The majority ran on the promise of a heartbeat ban with no real exceptions. That has incredibly negative effects on women’s health care and employment and is contrary to what the majority of North Carolinians favor. Free and fair elections are another. Gerrymandering has plagued our state for decades and unfortunately that will not go away. Redistricting does not have to be approved by the Governor so we will not be able to prevent districts that do not reflect the makeup of the state. Moore v. Harper, which is being considered by the US Supreme Court at this very moment, could have major implications for North Carolina and every state moving forward.

And finally, in what ways can the two parties work together in the coming two-year term to move N.C. forward?

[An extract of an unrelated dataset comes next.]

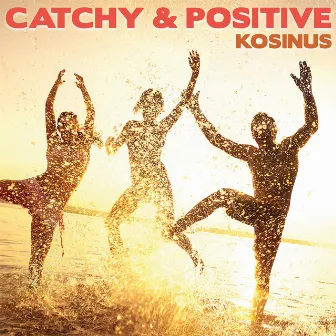 Catchy And Positive by Eric Caspar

Over the previous session we showed a real ability to work together on economic development issues. Increasing prosperity in North Carolina helps everyone, regardless of political party. We should also keep in mind that these jobs locating in North Carolina do not have to stay here. When we veer toward legislating on divisive social issues rather than making lives better, we can easily lose the investments made. That is why it is important for us to actually come together and find workable solutions instead of focusing on scoring political points.

What specific challenges do you want the General Assembly to “fix” for North Carolinians in the next two years? What’s on that list for you?

Expanding health care coverage to more North Carolinians will improve so many lives. I know there is bipartisan interest in accomplishing that this session so that is at the top of our priority list. Education funding remains important, not just funding classrooms but making sure that our educators and support staff have competitive pay. And with the uncertainty we face with the economy, we should consider how we can make sure state employee salaries, and retirees, keep pace with inflation. I am less optimistic that we will fix fundamental issues with our elections, like fair maps, but I will continue to advocate for that as well.

And what are your specific goals to help Chatham County and your district (including that slice of Randolph County) in the coming term?

Our district is a microcosm of the state. We have wealthy, quickly-growing parts of Chatham County and rural parts in the western part of the county that need more attention right now. I am excited that, within this district, we have the Toyota plant, VinFast and Wolfspeed all coming. Those are going to need thousands of workers, and we can provide them from within our community. To that end, we need to ensure Chatham County and Randolph County schools are the best they can be. We need to provide ample funding for CCCC to help train workers. We should continue targeting broadband investments to make high-speed internet available to every resident. And we should work with local and state leaders to find creative ways to make housing more affordable so that everyone can call Chatham home without struggling to pay their rent or mortgage.